Améliorer les consultations

Également la politique Redécouvrir Winnipeg : concilier notre histoire, adoptée unanimement par le conseil en 2020, ou encore l’Accord autochtone de Winnipeg, établi et adopté par le conseil à l’unanimité en 2017, qui engage formellement les organismes signataires à la Réconciliation. Enfin, entre 2016 et 2019, la Division a donné une formation de sensibilisation aux questions autochtones à plus de 9 000 employé.e.s de la Ville de Winnipeg. 

« Il y a encore à faire, affirme Danielle Carriere, comme s’assurer que notre politique est appliquée et que la sensibilisation continue, soutenir les femmes, filles et personnes issues de la diversité des genres autochtones disparu.e.s et assassiné.e.s, et leurs familles, ou fournir des opportunités positives aux jeunes autochtones de Winnipeg à travers notre Stratégie jeunesse autochtone. » 

La Ville cherche aussi à améliorer ses façons de consulter les communautés autochtones afin de pleinement répondre à leurs besoins. « Nous aspirons à des collaborations respectueuses de gouvernement à gouvernement, mais ce n’est pas une approche unique, dit Danielle Carriere. 

« Et la Ville est un grand organisme, donc faire des changements n’est pas simple. Nous avons aussi des défis financiers et humains qui peuvent freiner notre mission à la Division. » 

Mais elle se réjouit d’observer que « dans beaucoup de cercles non-autochtones, il y a une meilleure prise de conscience que le travail de réconciliation n’est pas l’obligation des peuples autochtones, mais celle des Canadiens non-autochtones, avec les idées des Premières Nations, des Métis et des Inuits sur ce à quoi cela devrait ressembler ». 

Plus d’engagement de la communauté francophone

Niigaan Sinclair déplore toutefois que la communauté francophone ne soit pas plus engagée dans la Réconciliation aujourd’hui. « Nous avons une histoire tellement liée que Saint-Boniface devrait être un leader national dans la recherche pédagogique sur les questions autochtones! Mais il y a encore une certaine honte à reconnaître à quel point le fondement de la culture francophone au Manitoba est autochtone. 

« Il n’y a jamais eu autant de gens et entreprises signataires de l’Accord autochtone de Winnipeg, pourtant je n’ai vu que très peu d’entreprises et organismes francophones engagés dans cet Accord. » 

La dernière liste disponible, qui date de juin 2022, compte 227 signataires dont une douzaine peuvent être associés à la francophonie. (1) 
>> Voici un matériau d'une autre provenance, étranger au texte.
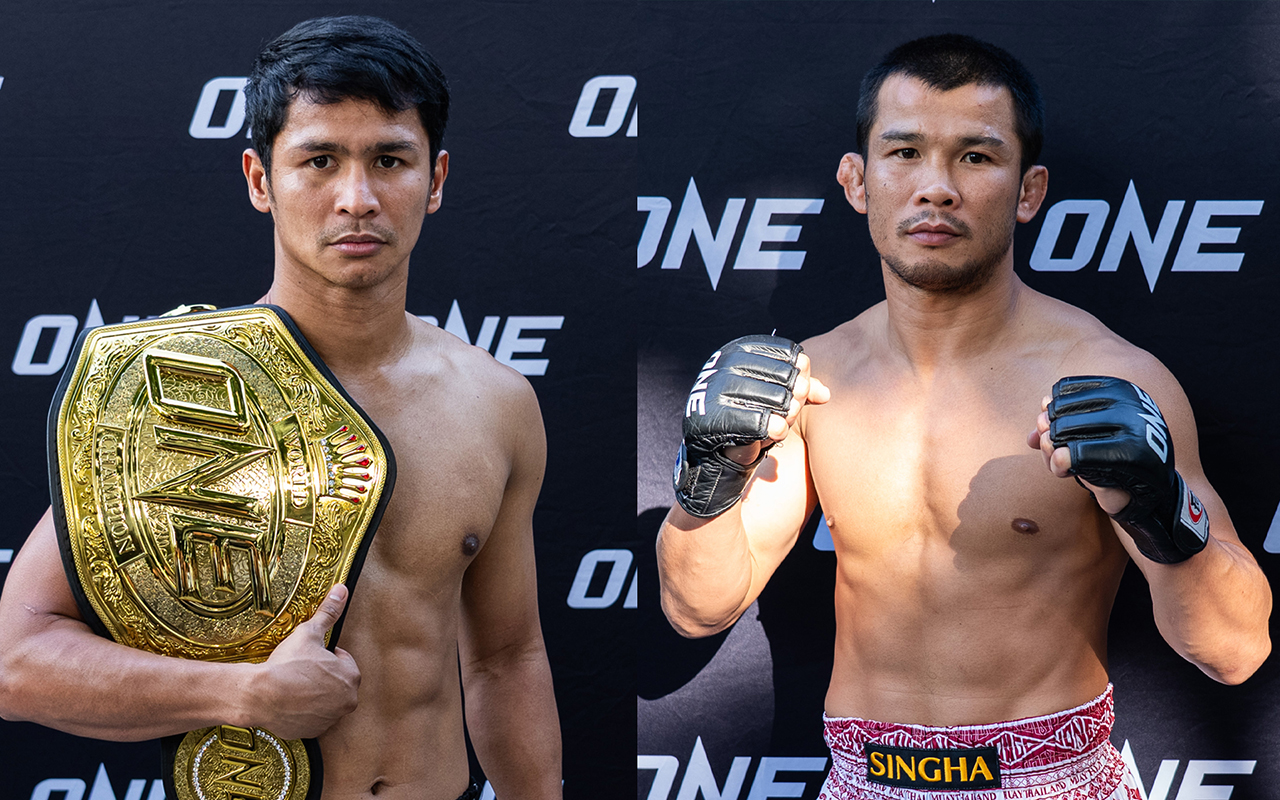 จับมือล่าชัย! “ซุปเปอร์บอน-น้องโอ๋” โชว์หุ่นฟิต พร้อมปะทะเดือดศึกใหญ่ ONE 173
(1) Il s’agit des conseillers municipaux pouvant s’exprimer en français : Matt Allard, Jason Schreyer, Brian Mayes et Sherri Rollins; du Premier ministre du Manitoba, Wab Kinew; des organismes francophones ou bilingues : Festival du Voyageur, Taylor McCaffrey LLP, Université de Saint-Boniface, World Trade Centre Winnipeg; et des divisions scolaires offrant un programme d’immersion : les Divisions scolaires Louis-Riel, Pembina Trails, Seven Oaks et Winnipeg. D’autres organismes signataires ont également la capacité de s’exprimer en français, mais leur mission n’est pas directement liée à la francophonie.